Note that frozen run will not be executed if the data structure is changed.

Brick Inputs/Outputs

Inputs

Brick takes the data set with a target column that has exactly two unique values.

Outputs

Brick produces two outputs as the result:

Data - modified input data set with added columns for predicted classes or classes' probability
Model - trained model that can be used in other bricks as an input

Additional Features

What-if This option gives access to the information for the Model Deployment service, as well as a possibility to call API using custom values.

Model Performance

This button (located in the 'Deployment' section) gives you a possibility to check the model's performance (a.k.a. metrics) to then adjust your pipeline if needed.

Supported metrics: MAPE (Mean average percentage error), R2, RMSE (root mean square error)

In addition, feature importance graph is provided in the dashboard.

Save model asset

This option provides a mechanism to save your trained models to use them in other projects. For this, you will need to specify the model's name or you can create a new version of an already existing model (you will need to specify the new version's name).

Download model asset

Use this feature, if you want to download model's asset to use it outside Datrics platform.

Open metadata view By clicking this button you will be transported to the metadata view, which holds information about pipeline settings and utility data, such as package versions. Also, you can see the bricks configuration, where you have access to the information like bricks' inputs, outputs, status and arguments. Please note, that this view will only show the part of the pipeline that comes before the model, ignoring everything that comes after.

Example of usage

Let's consider a simple regression problem, where we know the characteristics of some houses and want to know their sale price. We have the next variables:

Id (category/int) - Sale's ID

Neighborhood (category/string) - House neighborhood name

YearBuilt (int) - The year when a house has been built

RoofMatl (category/string) - The materials used to construct the roof

GrLivArea (int) - The living area

YrSold (int) - The year when a house was sold

SalePrice (int) - The price at which the house was sold. Target variable

Some of the data columns are strings, which is not a supported data format for the LGBM Regression model, so we will need to label encode the next columns:

Neighborhood - label

RoofMatl - label

In addition, Id does not contain useful information, so they will be filtered out during the training.

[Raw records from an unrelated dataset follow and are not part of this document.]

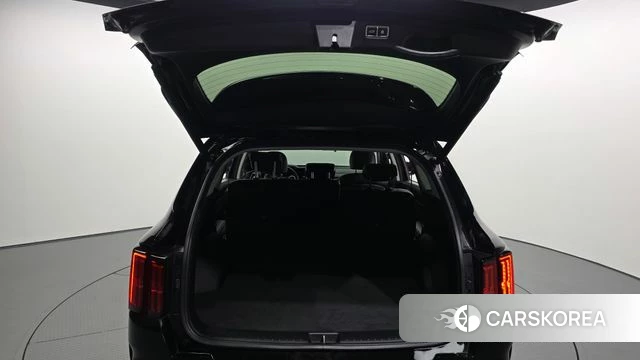 Kia Sorento 4th Generation id 4763200 из Кореи 24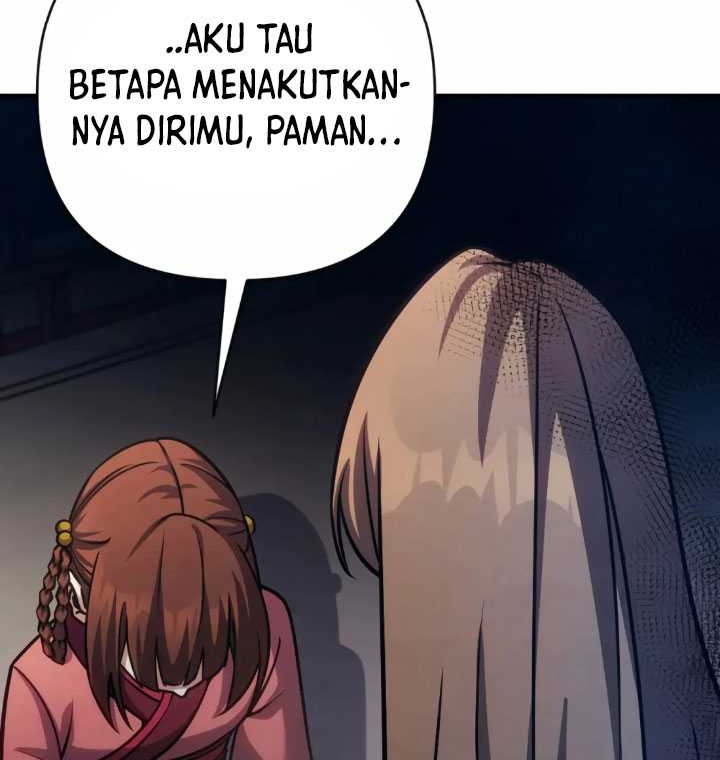 The Indomitable Wanderer Chapter 11 Gambar 30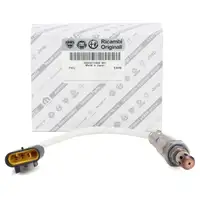 ORIGINAL Fiat Alfa Romeo Lambdasonde Diagnosesonde NACH Kat Punto 3 Qubo Mito 1.4 55273420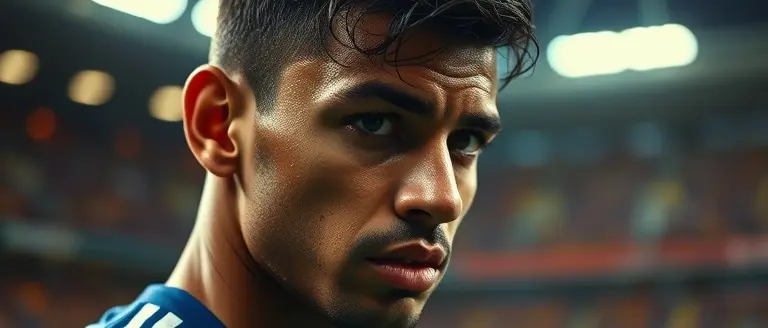 Tactical Breakdown: How Díaz Neutralized the Brazilian Midfield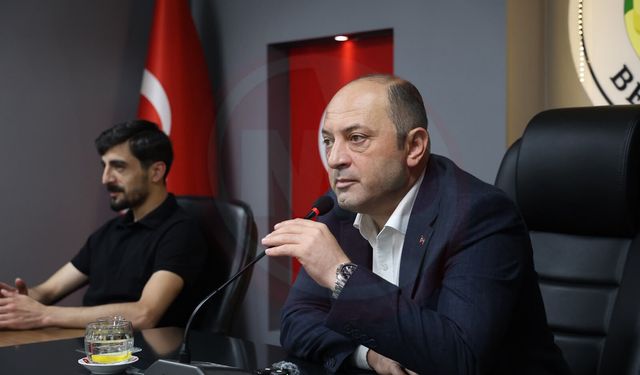 İmar kararları geçti krediye onay çıkmadı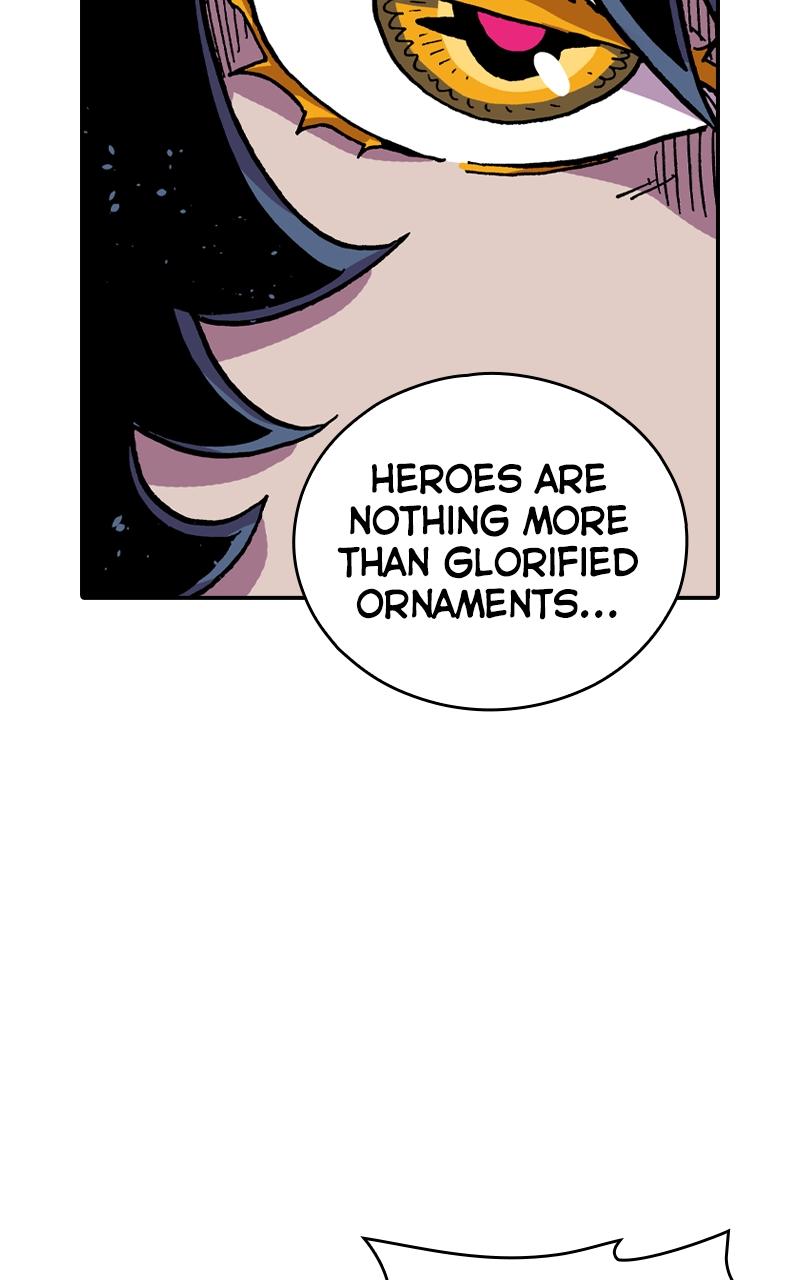 The Clevatess Manga Chapter 34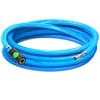 Auprotec Safety Compressed Air Hose Set, Prevost PVC Hose, Surflex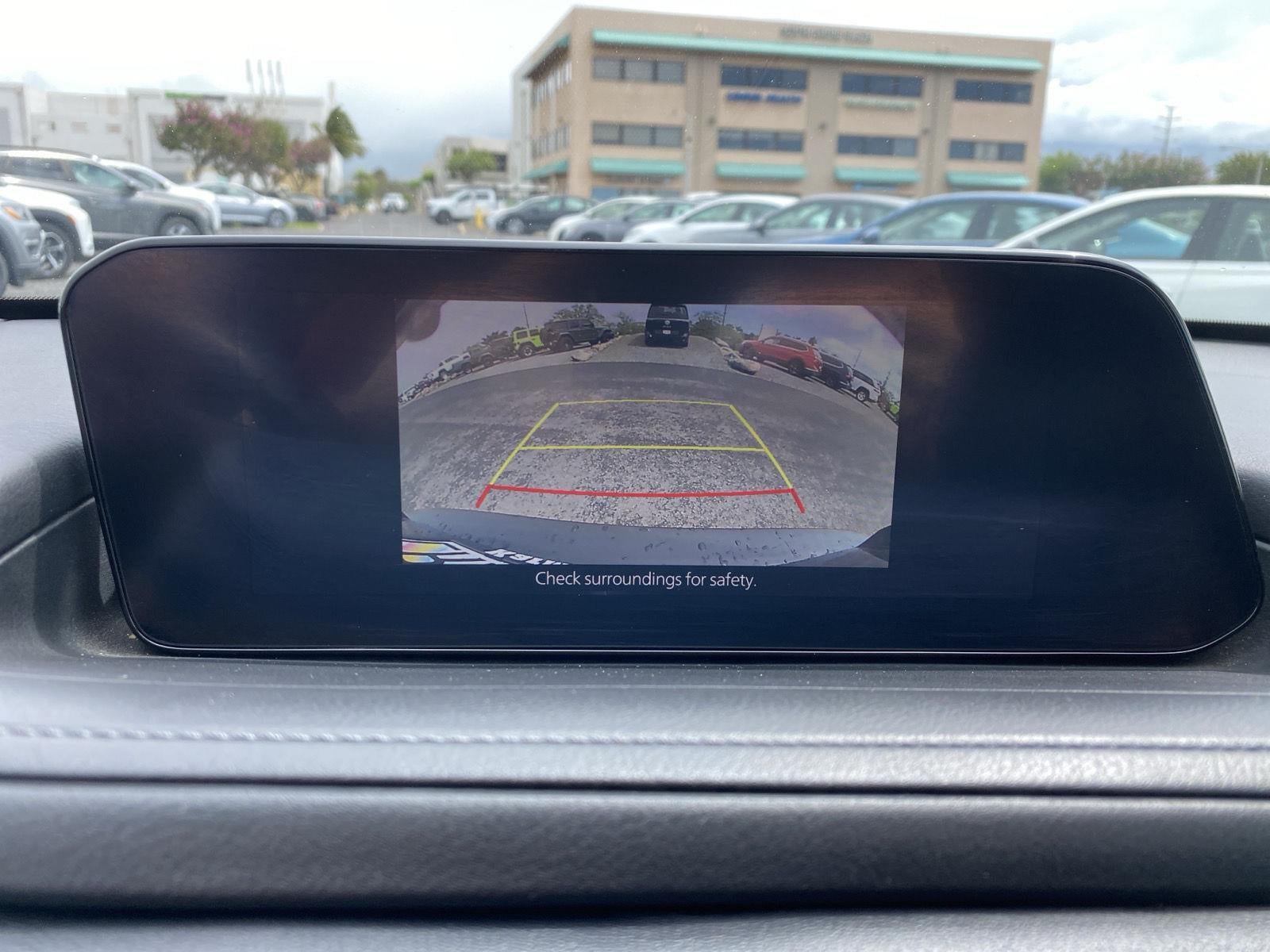 2023 Mazda Mazda CX-30 2.5 S Select Package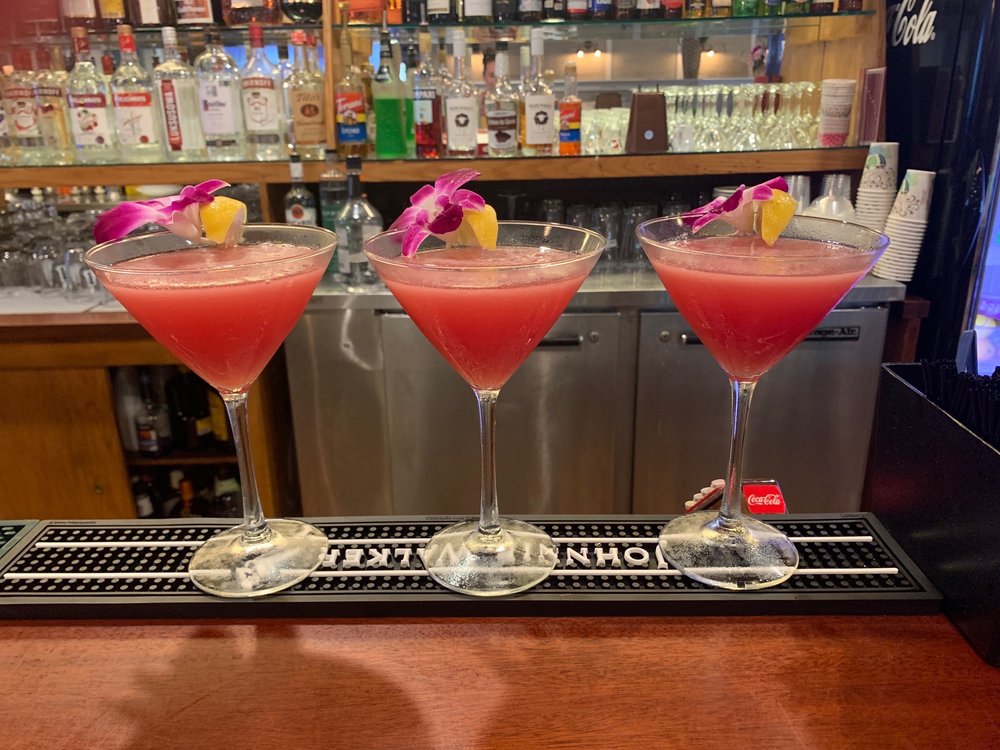 K'sone's Thai Dining & Lounge 493 Amherst St Ste 6, Nashua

Executing regular pipeline

Next steps would be made to build simple test pipeline:

First, drag'n'drop home_prices_sample.csv file from Storage → Samples folder, Encoding brick from the Bricks → Data Manipulation → Transform, as well as LBGM Regression from the Bricks → Analytics → Data Mining / ML → Regression Models

Connect the data set to Encoding brick, set it up accordingly to the previous section and then connect to the LGBM Regression model

Select the LGBM Regression brick, choose the ElasticNet regularization, specify the target variable (the SalePrice column) and the Id column to filter. Check the Disallow negative predictions to ensure that predictions will not be less than 0.

Check the Optimize option if you like (note, it will take some time).

Run pipeline

In order to see the processed data with new columns, you should open the Output data previewer on the right sidebar.

The results are depicted in the table:

To see the model's performance just choose the corresponding option in the Model Info section:

Executing frozen pipeline run:

After completing the previous steps you need to check the 'Brick frozen' options in the 'General Settings' section:

This ensures that every time we execute our pipeline, the LBGM Regression brick will load already trained during previous runs model, which may be useful during the deployement. Please note, that brick will raise an error if the data structure will be changed.